Bernanke to Congress: Don't End Stimulus Spending as he told Congress as the fragile economy still needs government stimulus spending to strengthen the recovery and help reduce unemployment. Bernanke urged lawmakers to come up with a credible plan to reduce the government's record-high budget deficits in the long run. But he said they shouldn't move now to slash spending or boost taxes, or undertake some combination of both. "I believe we should maintain our stimulus in the short term," Bernanke said.

We saw a similar view this week from former labor secretary Robert Reich stated that the economy needs more fiscal and monetary stimulus to avoid falling back into recession.“We’re not in a double-dip recession yet. We’re in a one-and-a-half-dip recession,” he wrote in a column on Business Insider. Retail sales, home sales, housing starts and consumer confidence are dropping, so I tend at first blush to agree with him, but I so hate taxpayer give away programs. President Barack Obama should demand a massive national jobs program for millions of people, even if government has to pay their wages directly, Reich argued (I agree we need to eliminate free money transfers no work, no money).

As for all the hype surrounding the so called stellar pro forma positive earnings being a reason for the rally, I have to respectfully disagree as I have gone back and looked at over 100 charts of firms that have reported earnings during the past several weeks and the responses to earnings has been extremely sporadic to say the least these past two weeks….as decent earnings are sold one day and bought the next, then without warning the market participants switch gears and then crappy earnings are bought one day and sold the next. This has surely been a very perplexing development for me. We have enjoyed some very nice earnings plays (longs/shorts) but as a trader we like to see significant consistency, and what we have seen is anything but.
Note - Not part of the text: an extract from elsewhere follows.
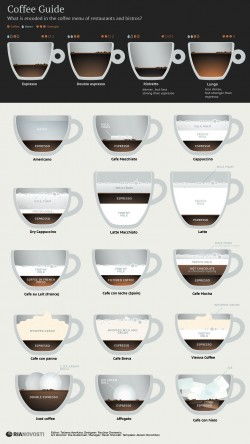 Coffee Guide [Infographic]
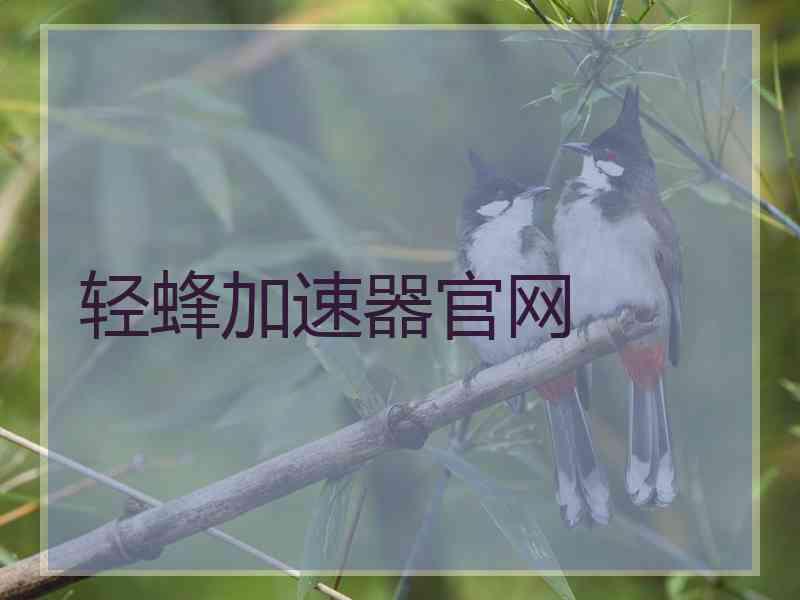 轻蜂加速器官网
In all seriousness my friends this market's whacky bipolar behavior is very dangerous. Volatile price action like this is typically a very unhealthy signal for the markets and participants as bull markets thrive on a steady diet of worry with some good news sprinkled in for good measure, and tend to crawl higher at a relatively steady pace with decent volume, and when the Prozac runs out and they become manic-depressive all hell could break lose as this is often a sign of a market in a distribution topping mode. Yes we could rally a little further (Monday gap-runs have a high probability), and there is the possibility we could run up for another 8-18 hours right smack dab into my major/major turn time but in my opinion the potential for a nasty selling event and reversal as these indexes and high-beta stocks that have flown upward in a parabolic fashion just like Icarus who with a set of wax coated wings decided to fly towards the sun, before the wax melted and he plunged to his death….as the markets move higher they become more and more vulnerable to a very nasty correction/reversal.

As I wrote last week I have a major/major market inflection scheduled to hit this week and when you throw in several other significant divergences in the market place, along with a plethora of economic data to be released (5-trading days left to the month) and we throw in another so called extreme astrological event, something I don't fully understand but many an astrologists believes this will result in many forbidding contagions, they call it a Cardinal Climax which is a particular alignment of 5 planets, something that hasn't happened in 1000 years (some say 10,000 years). Arch Crawford says certain planetary alignments put people under additional stress others severe stress (and this is of the severe stress variety) and of course that's reflected in their moods which is then reflected in the stock market as its run by people that of course are influenced by these developments. This particular alignment is supposed to be accompanied by some particularly nasty things (possibly involving a nuclear and/or nasty radiation event). Arch Crawford is calling for a market crash and he has been at times very accurate in many of his past calls to dismiss this lightly.